# Dodge Ram New Model



## GO WEST (May 25, 2009)

I recently received an e-mail from Trailer Life magazine. One of the articles was about the new 2010 Dodge half ton trucks. These are the power numbers that caught my attention. Max Tow 10,450 lb, 390 HP, 5.7L HEMI, 3.92 rear axle, crew cab 5 ft 7 in box with tie down system, GCWR 15,500 lb with 5.7/3.92/140.5 wheelbase (is that the long bed or the cc/5ft 7 in bed?).

These are pretty impressive numbers. I drive by our local Dodge dealer every day, twice a day, and I really like the looks of these new trucks. I think the crew cab is great compared to the quad cab (I rode in the back of a quad recently and it is small). I know the Mega Cabs are even bigger but the crews look just fine.

I have never owned a Dodge, but for looks they are #1 for me of the current truck makes. The numbers above rival the Tundra and F150 Max Tow option so I guess "all" the brands are putting out a half ton with similar numbers to compete?

Colorado Dirt Biker Carey, you are saying in another post that the Ford has an extremely strong frame. I don't deny it, but how do you know this information? How about these Dodges?

I need a crew cab that is roomy enough for my tall girls plus my Mom and Dad (five adult size people). I love my Ford Supercab and it has only 41,000 miles so a lot of life left, but my daughter is growing and is already complaining about riding in the cramped back seat.


----------



## Carey (Mar 6, 2012)

I have a bud who owns a new 09 f150. We took it up into the woods for some wheelin.

We could cross up the suspension and the frame of the truck didnt twist a single bit. Ive also got some friends with other brands, chevs, T100 toyotas, Nissan Titans, etc. but no dodges. There frames will twist so much that the bed is very close to breaking the back glass. They are so bad that if you hit it hard while being crossed up, the back glass will get broke.

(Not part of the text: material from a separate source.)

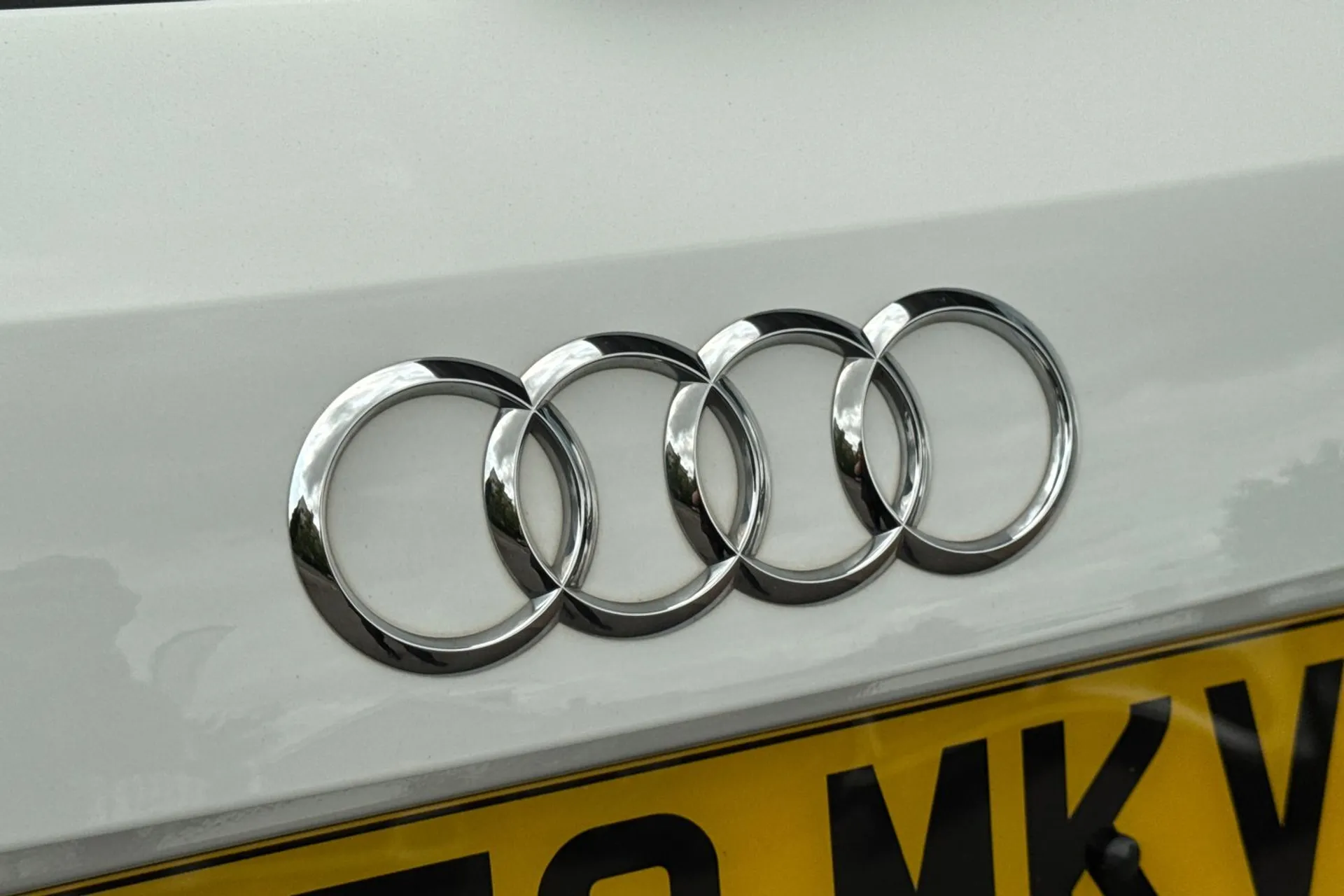 Audi Q3 thumbnail image number 49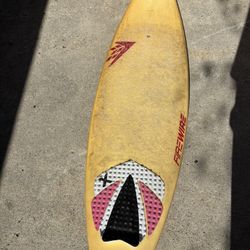 FireWire Surfboard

So thats how I learned that the new 09 ford has a very stought frame. lol Yes red neck schooling..

Ive seen the you tube videos too. They were made by ford, so I felt they might be pretty biased. Well I really feel they are telling the truth. I got some respect for the new F150.

The dodge uses hydro formed frame rails. I had an 06 dodge 1/2 CC short bed. Its frame seemed very strong also, but I think the new ford is even better.

That being said, I agree, the new dodge is very sweet, especially the interior.

Now the 2010 dodge 1/2er uses coil springs in the rear. I bet it rides awesome. But I wonder how it would do hooked to a nice sized trailer. I just dont know how it would do. So how bout you school us, lol

Id take my ford hooked to my outback and head for the dealer.

Id hook that rv to the new dodge and go for a short ride. The sales people would let you do it, especially if you came rolling into the dealership with a ford and looking to get a dodge. There egos would force them to let you hook er up and see if the dodge falls on its butt with your trailer. A good dealership will have a demo that you could take and give a workout with your trailer. Now not every dealership will allow this, but some will. At least take it around the block.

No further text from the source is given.